#### [Task to complete]
Within the entries below, please return exactly the lines from the one with "Sugarcane: Sugar Cane" through the one with "Netherlands shaping the future of our food", leaving out any pictures.

#### [Dataset content]
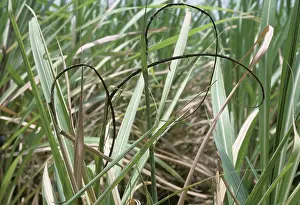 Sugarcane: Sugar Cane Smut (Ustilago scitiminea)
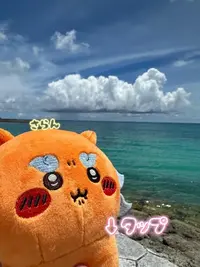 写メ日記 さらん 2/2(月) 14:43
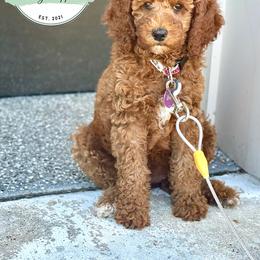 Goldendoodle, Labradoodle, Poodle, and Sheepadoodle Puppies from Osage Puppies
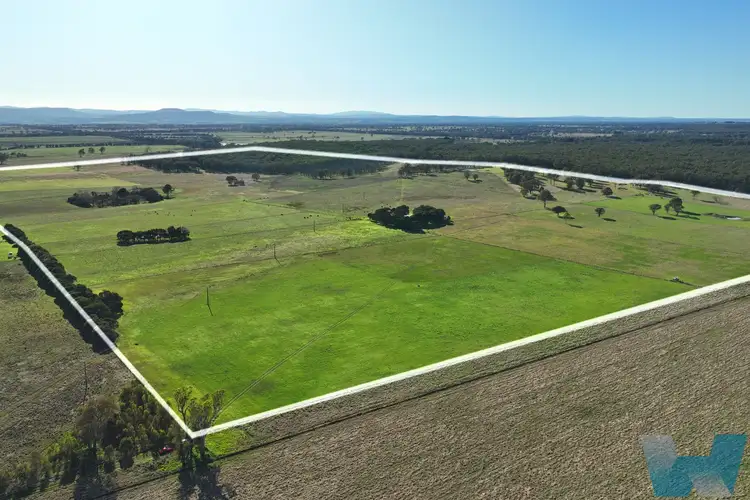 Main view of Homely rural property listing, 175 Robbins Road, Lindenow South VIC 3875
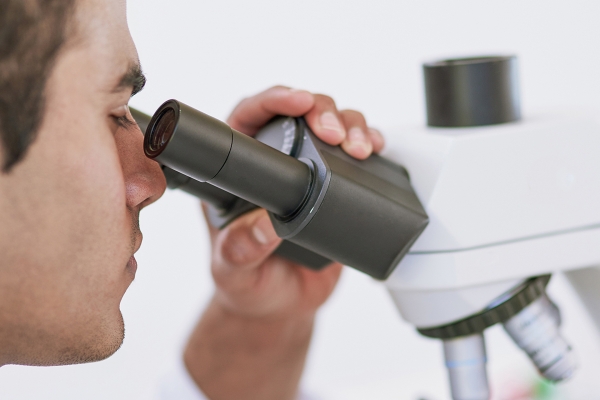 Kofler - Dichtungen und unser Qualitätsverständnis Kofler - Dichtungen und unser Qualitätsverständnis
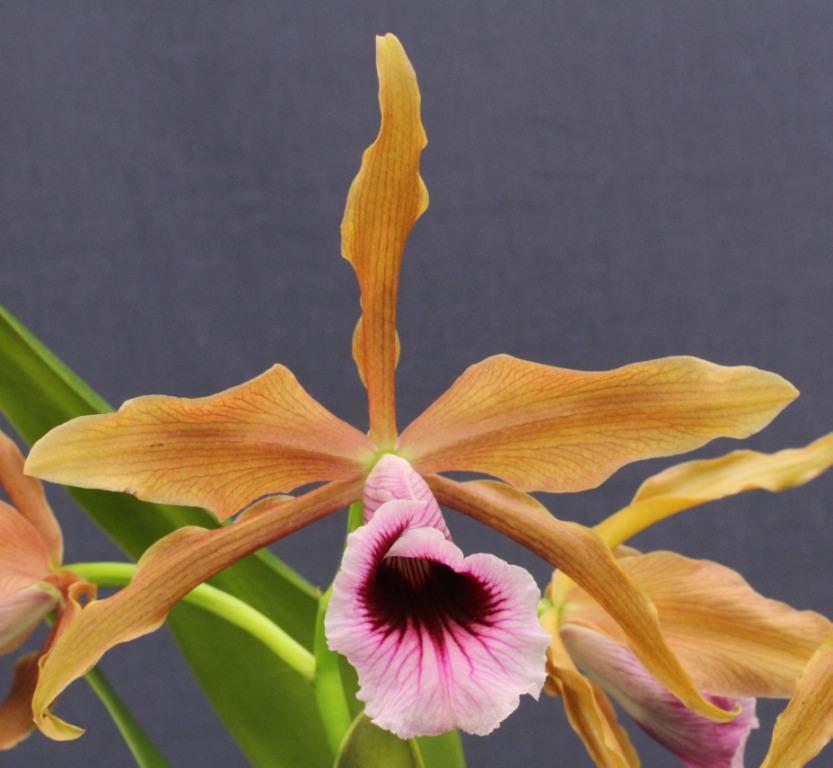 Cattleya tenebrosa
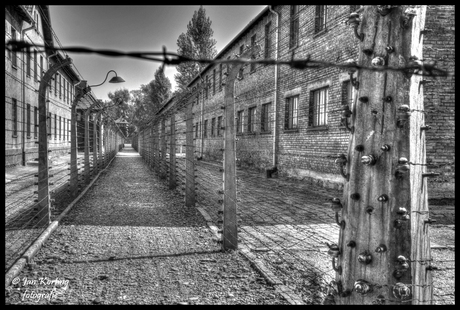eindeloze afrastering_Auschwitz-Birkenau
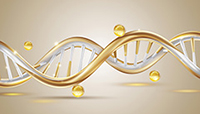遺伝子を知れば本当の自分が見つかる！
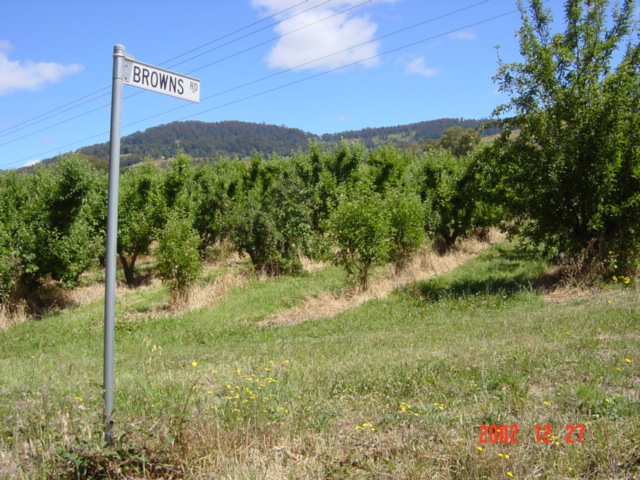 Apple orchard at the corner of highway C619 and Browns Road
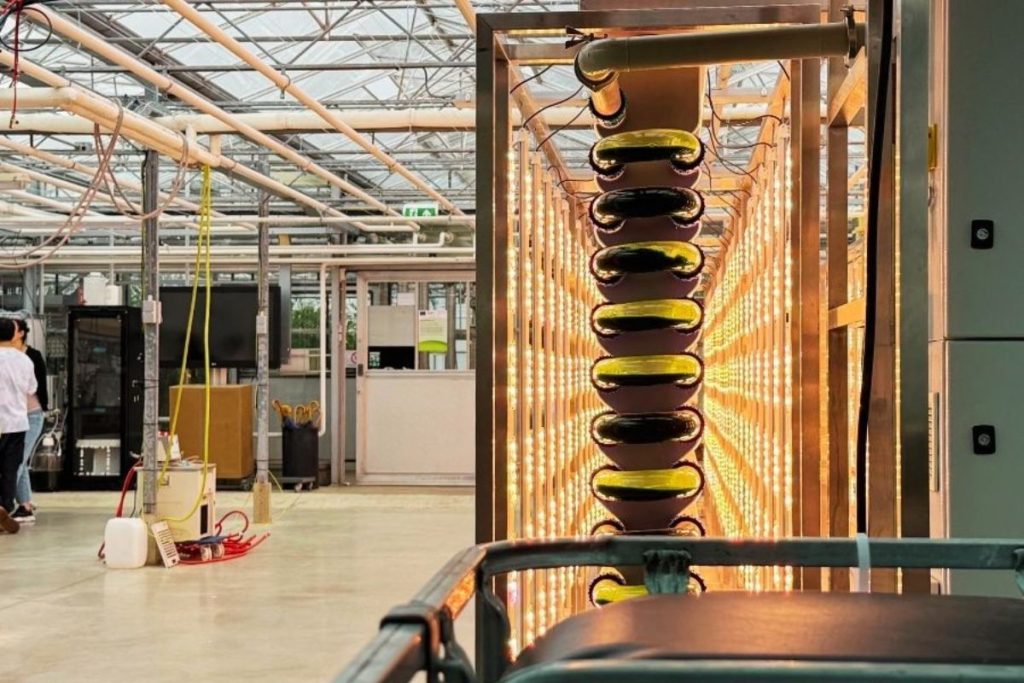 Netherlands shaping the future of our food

--

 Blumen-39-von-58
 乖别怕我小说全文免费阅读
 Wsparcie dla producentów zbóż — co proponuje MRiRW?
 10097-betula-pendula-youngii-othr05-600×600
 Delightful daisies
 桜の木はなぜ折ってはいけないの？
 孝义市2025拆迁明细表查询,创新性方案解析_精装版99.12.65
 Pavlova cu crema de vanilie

---

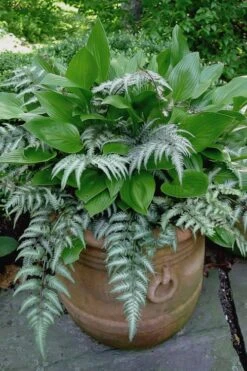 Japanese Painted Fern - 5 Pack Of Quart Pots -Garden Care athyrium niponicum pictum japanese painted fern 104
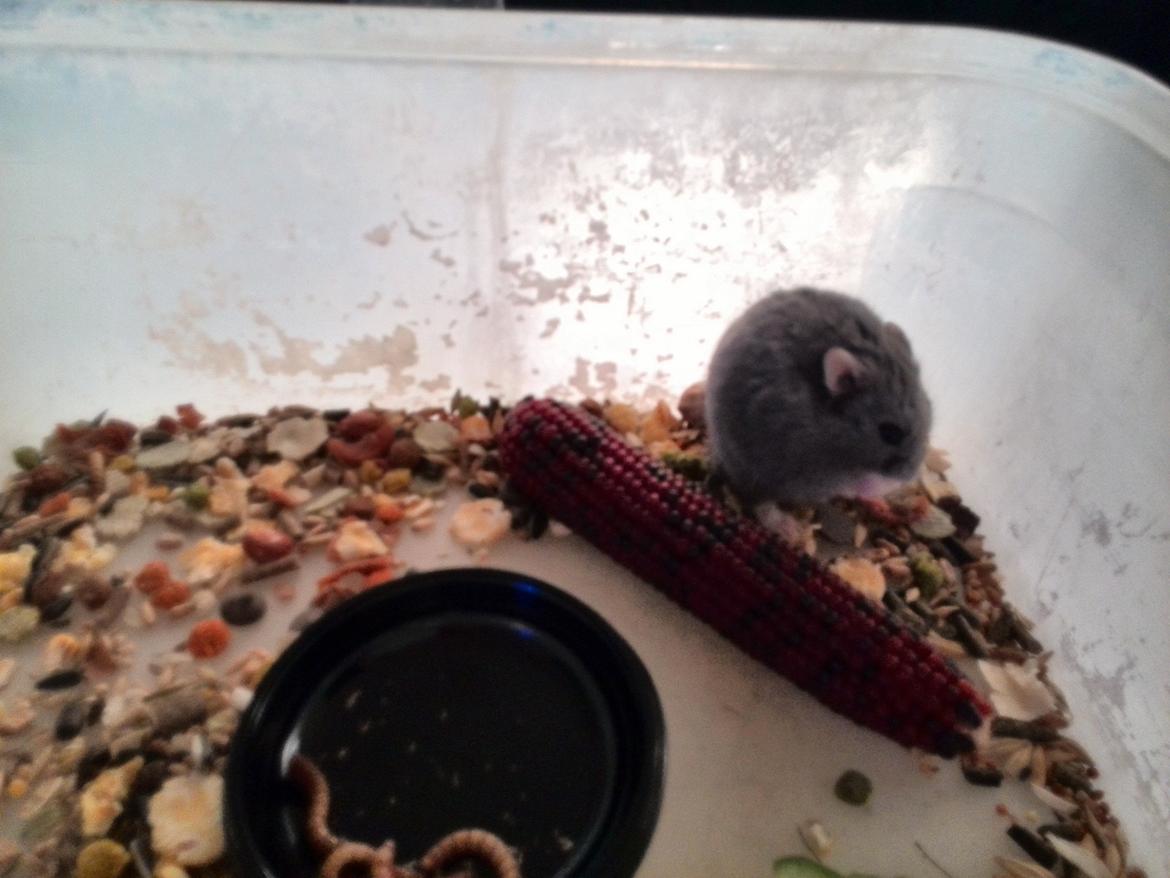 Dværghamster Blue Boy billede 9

#### [Exercise solution]
 Sugarcane: Sugar Cane Smut (Ustilago scitiminea)
 写メ日記 さらん 2/2(月) 14:43
 Goldendoodle, Labradoodle, Poodle, and Sheepadoodle Puppies from Osage Puppies
 Main view of Homely rural property listing, 175 Robbins Road, Lindenow South VIC 3875
 Kofler - Dichtungen und unser Qualitätsverständnis Kofler - Dichtungen und unser Qualitätsverständnis
 Cattleya tenebrosa
eindeloze afrastering_Auschwitz-Birkenau
遺伝子を知れば本当の自分が見つかる！
 Apple orchard at the corner of highway C619 and Browns Road
 Netherlands shaping the future of our food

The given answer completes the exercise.